Во второй половине прошлого века один из русских промышленников освоил способы посола сельди. И как долго пряного посола селедка не находила сбыта! Промышленник разорился, но его идея консервирования каспийской «бешенки» привлекла других купцов. Прошли десятилетия, сменилось поколение не признававших соленую селедку, и только после этого начался триумф знаменитого залома. Стал он любимой пищей миллионов. А уже в наше время, когда истощились его запасы, превратился в труднодоступный деликатес.
Такая же история произошла с таранкой. Она начала особенно цениться после того, как резко упали ее уловы в Азовском море.

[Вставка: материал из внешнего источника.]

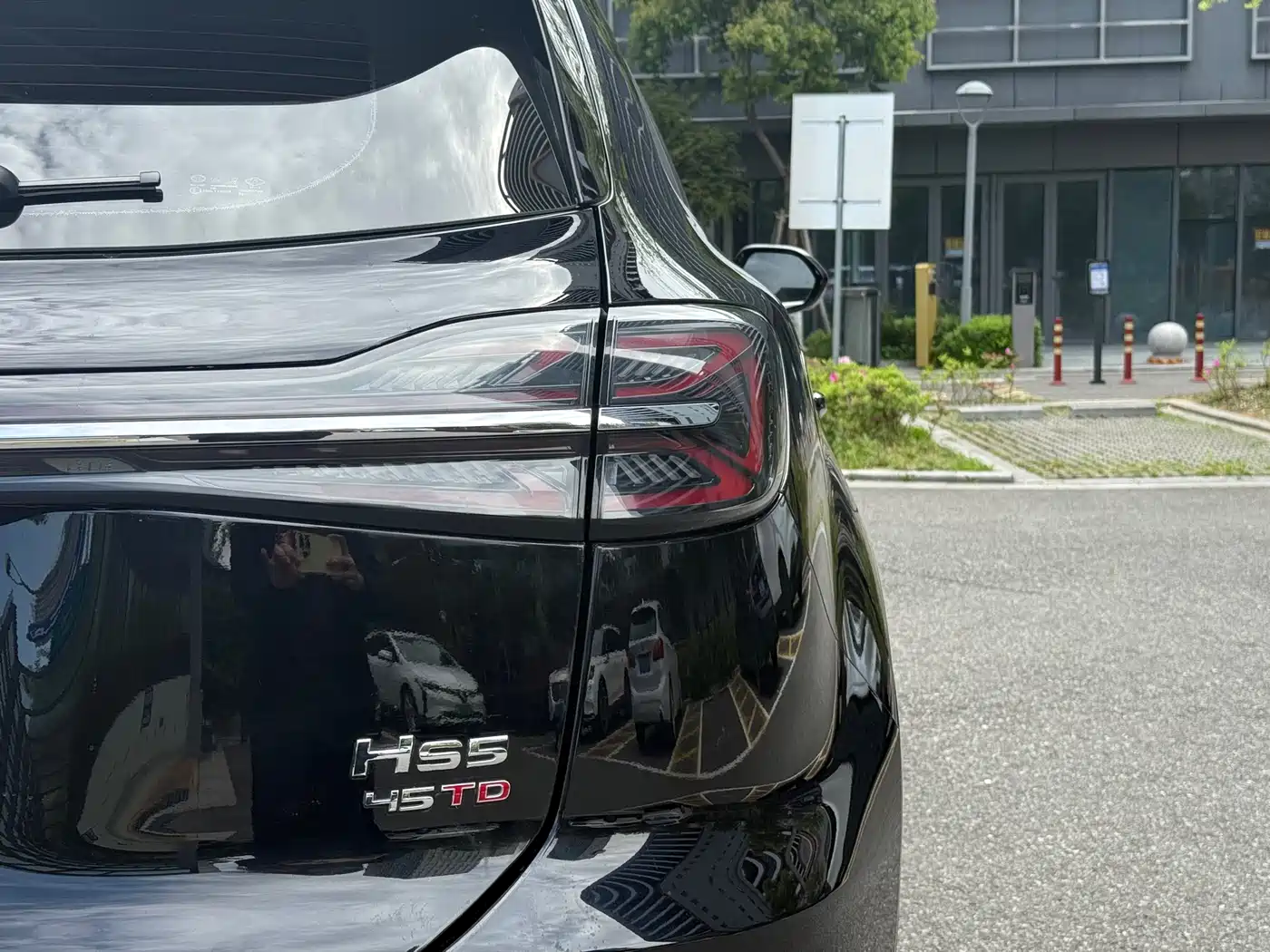 Hongqi HS5 2023 2.0T Flag Enjoy Pro Edition фото 28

А судьба знаменитой дальневосточной иваси, огромные стада которой внезапно появились у наших берегов в Японском море и так же внезапно исчезли?
Причины появления и исчезновения иваси никто толком объяснить не может. Существует лишь ряд не совсем убедительных гипотез.
С запасами крабов пока обстоит благополучно. Если в Бристольском заливе Берингова моря они практически исчезают, то совсем иное дело в Охотском море. Здесь они взяты под защиту закона, их уловы ограничены, созданы заповедные зоны. Вылавливать разрешено только самцов и в определенное время.
— Мне знакомые надоели, — сказал Вася, ловко выпутывая очередного краба из сети. — Пишут: пришли посылочку, побалуй нас!
— Так ведь нельзя, — сказал Костя.
— Конечно, нельзя. А если бы я работал на шоколадной фабрике, посылку с шоколадом, наверно, не просили бы?
— Точно, не просили бы. Но ведь шоколад легко купить в магазине. Ты не сердись на своих знакомых.
— Да, я понимаю, чего сердиться? А твои из Белоруссии крабца не просят?
Костя подтянул сеть на стол, недовольно крикнул лебедчику:
— Давай, давай, не спи там!
И старшина все понял, чуть прибавил газу, чтобы поспевать за лебедкой, с натугой вытаскивающей со дна морского сети с богатым уловом.
— Так, значит, твои не просят под пиво? — вновь спросил Вася и стал отвязывать сеть, из которой уже они выпутали крабов: самцов оставили на палубе, самок и мальков бросили за борт.
— Нет, не просят. Помню, как-то Федор возвратился с путины и привез с собою банок десять. Мужиков собрал. Навались, говорит, на деликатес, его буржуи употребляют. Но мужикам крабец был до лампочки. Дед Адам, почтальон наш, осмелился и первым попробовал. Долго жевал-жевал, а потом говорит: «Ни сладости ни радости в ем, мужики, нету. Жили мы без етого делибалбеса сто лет и еще проживем!» А Федор ему: «Дедушка Адам, от крабца ноги мерзнут, ешьте!»